A few words on the subject of Hausa embroidery may not be inappropriate here, for it is distinctly interesting, and, in its way, artistic.
The finest and most elaborate needlework is found on the Hausa gown or tobe, which, in itself, deserves a few words of description in detail. The accompanying drawing gives an accurate idea of its shape—a surplice-like garment of immense width, reaching to the ankles. The material is frequently pleated all over from neck to knees, where it falls loose, taking on a most up-to-date flow and expansion! I have seen as much as thirty yards of wide English cloth put into one tobe; under these circumstances, the weight of the gown is, of course, very considerable.
These garments are made of every kind of stuff, according to the length of the wearer’s purse; sometimes they are fashioned of European cotton velvets, brocades and plush, and, in the districts where the Lagos trade makes its influence felt, many of these gowns are to be seen, made, alas, of shoddy velveteen, and the beautiful native needlework replaced by tawdry tinsel and sequins. The vast majority, however, are composed of country-made cloth, which is, by necessity of the tiny, primitive looms, woven in narrow strips, some four inches wide, and laboriously sewn together. Some of it is dyed with indigo or magenta, but the best kind remains a creamy white, resembling a coarse heavy linen, and forms a most desirable background for elaborate stitchery. The tobe has a deep pocket on the left breast, reaching to the knees, and it is on this, principally, that the embroidery is concentrated: there is also a single circular design at the back, high on the left shoulder, which never varies, though the decoration in front may be amplified and elaborated at pleasure.
All the designs used in Hausa embroidery are obviously symbolical, and their significance and history is a subject of deep interest, but it is most difficult to acquire reliable information on the point, as the people themselves are, for the most part, hopelessly ignorant about it, and merely reproduce the same designs from generation to generation, for the excellent—and, to them, conclusive reason that their fathers and grandfathers did so!
The most frequent designs are the Fuska (face) and the Almakashi (scissors); these I have always found included in every decorative scheme, however intricate and elaborate. The pattern is drawn in native ink, with a pointed wooden pen; it is entirely free-hand, and is rather a go-as-you-please process, with little regard for symmetry, though, in the case of the gown I have illustrated, I think the complicated conventional design is marvellously accurate for a free-hand performance.
The work is carried out in native thread, occasionally dyed with indigo, or to the correct Islamic shade of brilliant green but usually of the same creamy tint as the cloth itself.
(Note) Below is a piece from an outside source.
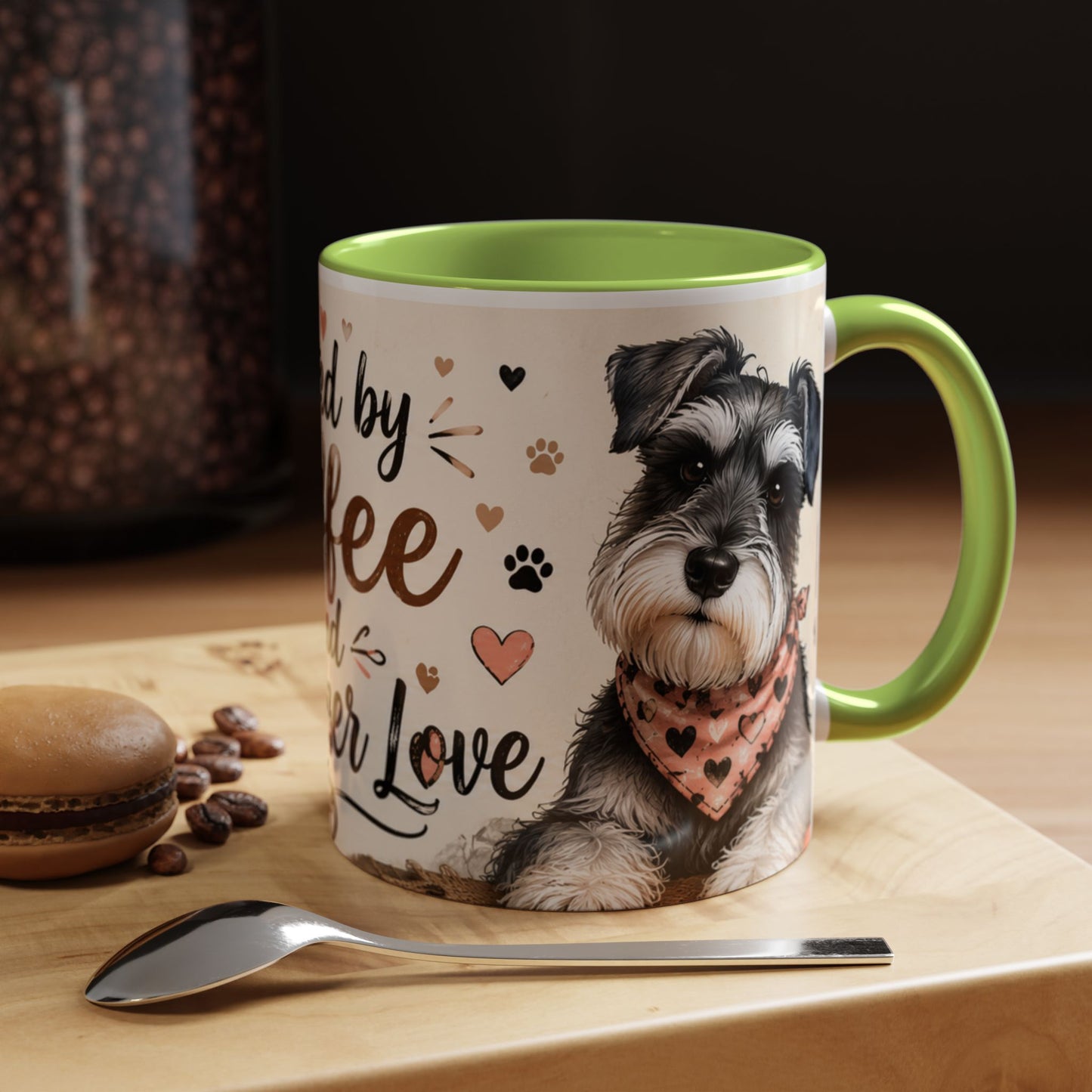Fueled by Coffee and Schnauzer Love Accent Mug — Dog Lover Coffee Cup (11/15 oz)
The stitchery is absolutely simple, being mainly chain-stitch squares filled in with long stitches, and a curious handsome effect is produced by a series of tiny eyelets, worked in buttonhole stitch, giving a rich damask appearance. Couching stitch is also used, and most patterns are outlined with French knots.
There is also another quite distinct kind of embroidery, universally employed for decorating the enormously wide trousers worn underneath the tobes. These voluminous garments terminate in an almost tightfitting band, some nine inches deep, just above the ankle, and it is here, and on the outside of the leg, that this needlework is lavished—a cunning piece of vanity, as it is well displayed when the wearer strides about with a sufficient swagger!